Andy Dorris

No. 69, 88
- Position: Defensive end

Personal information
- Born: August 11, 1951 (age 74) Bellaire, Ohio, U.S.
- Listed height: 6 ft 5 in (1.96 m)
- Listed weight: 278 lb (126 kg)

Career information
- High school: Bellaire (Ohio)
- College: New Mexico State
- NFL draft: 1973: 4th round, 93rd overall pick

Career history
- St. Louis Cardinals (1973); New Orleans Saints (1973–1976); Seattle Seahawks (1977); Houston Oilers (1977–1981);

Career NFL statistics
- Sacks: 32
- Fumble recoveries: 6
- Stats at Pro Football Reference

= Andy Dorris =

American football player (born 1951)

Andy Dorris (born August 11, 1951) is an American former professional football player. He was born in Bellaire, Ohio and attended college at New Mexico State University. Dorris played in the National Football League (NFL) for 10 seasons. He spent most of his professional career with the New Orleans Saints and the Houston Oilers. Dorris is currently a sales representative for Forterra in Houston, Texas.

==Professional career==
The Cleveland Browns drafted Dorris in the fourth round with the 93rd overall pick in the 1973 NFL draft. He initially signed a three-year contract with the team. Before the season began, Cleveland traded Dorris to the St. Louis Cardinals. He played in four games for St. Louis in his first season as a professional. In October 1973, St. Louis traded Dorris to the New Orleans Saints in exchange for a draft choice.
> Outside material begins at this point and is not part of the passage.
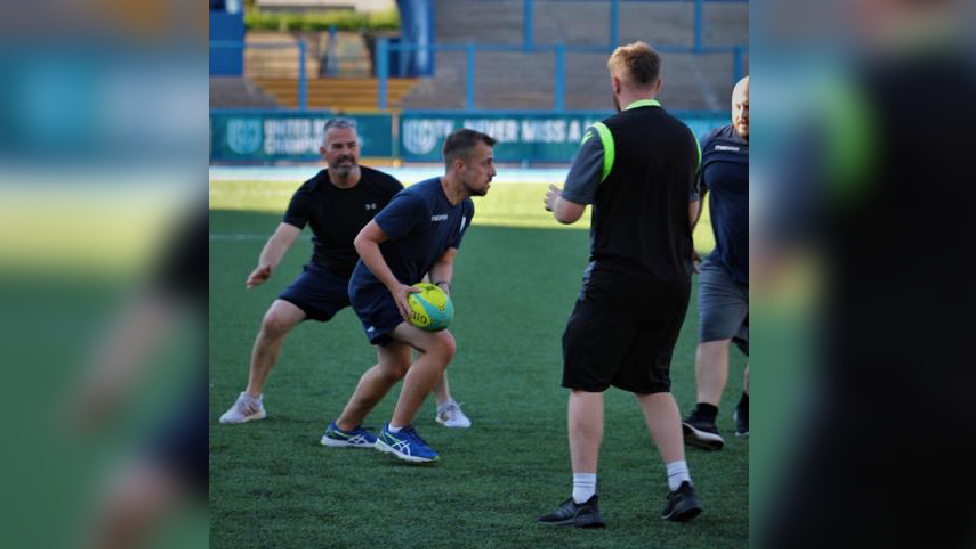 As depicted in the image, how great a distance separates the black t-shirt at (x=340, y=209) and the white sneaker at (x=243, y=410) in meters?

Dorris spent three full seasons with the Saints. In a game against the Atlanta Falcons in 1976, Dorris sacked Falcons quarterback Steve Bartkowski. Bartkowski left the game with a knee injury.

At the beginning of the 1977 NFL season, the Seattle Seahawks acquired Dorris from New Orleans. Dorris played four games for the Seahawks. The Seahawks placed him on waivers in October 1977. As a free agent, Dorris participated in tryouts for two teams, but he was rejected both times.
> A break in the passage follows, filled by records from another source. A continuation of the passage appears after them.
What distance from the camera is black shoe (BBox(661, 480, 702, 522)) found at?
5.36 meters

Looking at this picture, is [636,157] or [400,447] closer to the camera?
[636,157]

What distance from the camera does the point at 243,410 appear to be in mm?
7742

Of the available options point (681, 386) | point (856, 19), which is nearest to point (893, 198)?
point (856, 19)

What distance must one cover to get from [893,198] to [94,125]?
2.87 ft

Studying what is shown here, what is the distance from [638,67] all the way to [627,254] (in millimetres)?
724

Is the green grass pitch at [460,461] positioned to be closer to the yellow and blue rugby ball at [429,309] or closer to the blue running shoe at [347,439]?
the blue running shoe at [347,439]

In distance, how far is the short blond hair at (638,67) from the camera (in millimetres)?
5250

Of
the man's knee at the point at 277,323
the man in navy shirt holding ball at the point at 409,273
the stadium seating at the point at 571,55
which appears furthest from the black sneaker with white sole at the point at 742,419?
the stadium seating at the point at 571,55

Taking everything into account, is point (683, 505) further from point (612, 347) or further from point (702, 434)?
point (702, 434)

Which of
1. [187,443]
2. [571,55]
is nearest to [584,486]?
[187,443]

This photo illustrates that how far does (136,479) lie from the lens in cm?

In November 1977, the Houston Oilers' Elvin Bethea broke his arm during a game. Coach "Bum" Philips replaced him with Andy Dorris. Dorris had planned to retire before being signed by Houston, saying "enough was enough", but joined the Oilers to see his former Saints teammate Steve Baumgartner. In Houston, Dorris was part of a team that came to be known as "Bum's boys." Under Bum's relaxed leadership style, Dorris bulked up and became a formidable defensive lineman.
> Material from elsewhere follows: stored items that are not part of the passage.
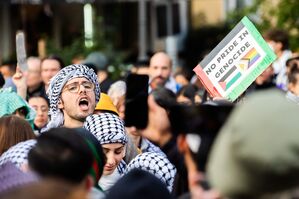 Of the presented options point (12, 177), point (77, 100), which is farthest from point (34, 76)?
point (12, 177)

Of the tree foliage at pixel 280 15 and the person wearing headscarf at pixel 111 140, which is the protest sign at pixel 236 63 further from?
the tree foliage at pixel 280 15

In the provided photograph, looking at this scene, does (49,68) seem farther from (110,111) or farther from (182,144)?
(182,144)

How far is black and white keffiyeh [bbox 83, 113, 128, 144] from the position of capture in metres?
7.82

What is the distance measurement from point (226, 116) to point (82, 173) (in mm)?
638

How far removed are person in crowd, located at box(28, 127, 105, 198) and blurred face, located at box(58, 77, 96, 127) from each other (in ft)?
11.6

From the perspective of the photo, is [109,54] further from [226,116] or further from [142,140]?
[226,116]

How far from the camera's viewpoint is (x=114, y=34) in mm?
34562

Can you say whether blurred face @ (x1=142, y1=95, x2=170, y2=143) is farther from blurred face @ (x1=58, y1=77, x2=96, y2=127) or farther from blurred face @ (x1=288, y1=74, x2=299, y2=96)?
blurred face @ (x1=288, y1=74, x2=299, y2=96)

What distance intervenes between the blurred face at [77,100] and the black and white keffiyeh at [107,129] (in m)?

In 1979, Dorris was the starting left defensive end for the Oilers. He recorded three sacks in a December matchup against the Denver Broncos. Dorris signed a new contract with the Oilers in 1980.

1979 and 1980 were two of the most successful seasons for the Houston Oilers franchise. In both seasons, the team finished the season with 11 wins and 5 losses but failed to make the Super Bowl.

Dorris was known as a locker-room prankster. He and a teammate once put blue dye in a shower head, turning a teammate's skin blue.

Houston placed Dorris on the injured reserve list at the beginning of the 1982 season, but he had already played his last game as a professional.

In 1990, he attended a reunion luncheon of many former Oilers players at the Southern Plantation Restaurant.

Dorris also had a pet lion cub.

==Later career==
Dorris works as a sales representative for Thompson Pipe Group in Dallas, TX. The company produces pipes and precast concrete forms for a variety of commercial and industrial purposes.

==Awards and recognition==
In his last year at New Mexico State, Dorris was named outstanding senior athlete.

In 2006, the Missouri Valley Conference announced its football "All-Centennial Team." Conference officials selected Andy Dorris as one of the 14 players representing the decade of the 1970s. Dorris was all-MVC at New Mexico State in 1972.

In 2007, Coach Philips and many of his former players, including Dorris, held a reunion during halftime of a Houston Texans game.

Dorris attended a New Mexico State Aggies football reunion in April 2012. The event consisted of a gathering of former players on Friday, April 27.

==Personal life==
Dorris and his wife, Mary, have three children: Meredith, Sam, and Zach. He has nine grandchildren.